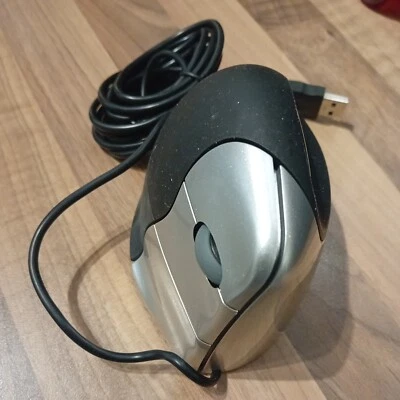 Evoluent Vertical Mouse 3 Rev2 Wired USB Mouse Right-Handed VM3R2-RSB  - Image 1 of 4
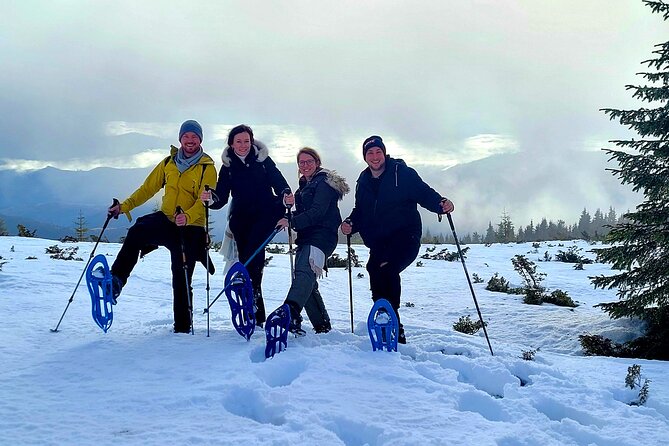 Snowshoeing Fun Tour from Cluj Napoca - Following the 3-hour-30-minute forest route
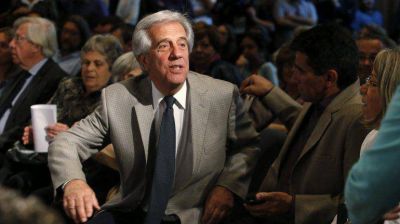 Tabar� V�zquez apunta al voto extranjero y al colorado para imponerse en la segunda vuelta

» TASK BRIEF
Your answer must be an exact copy of the lines from the line with "Snowshoeing Fun Tour" to the final line of the data, both ends included, and no pictures.

» TASK RESPONSE
 Snowshoeing Fun Tour from Cluj Napoca - Following the 3-hour-30-minute forest route
 Tabar� V�zquez apunta al voto extranjero y al colorado para imponerse en la segunda vuelta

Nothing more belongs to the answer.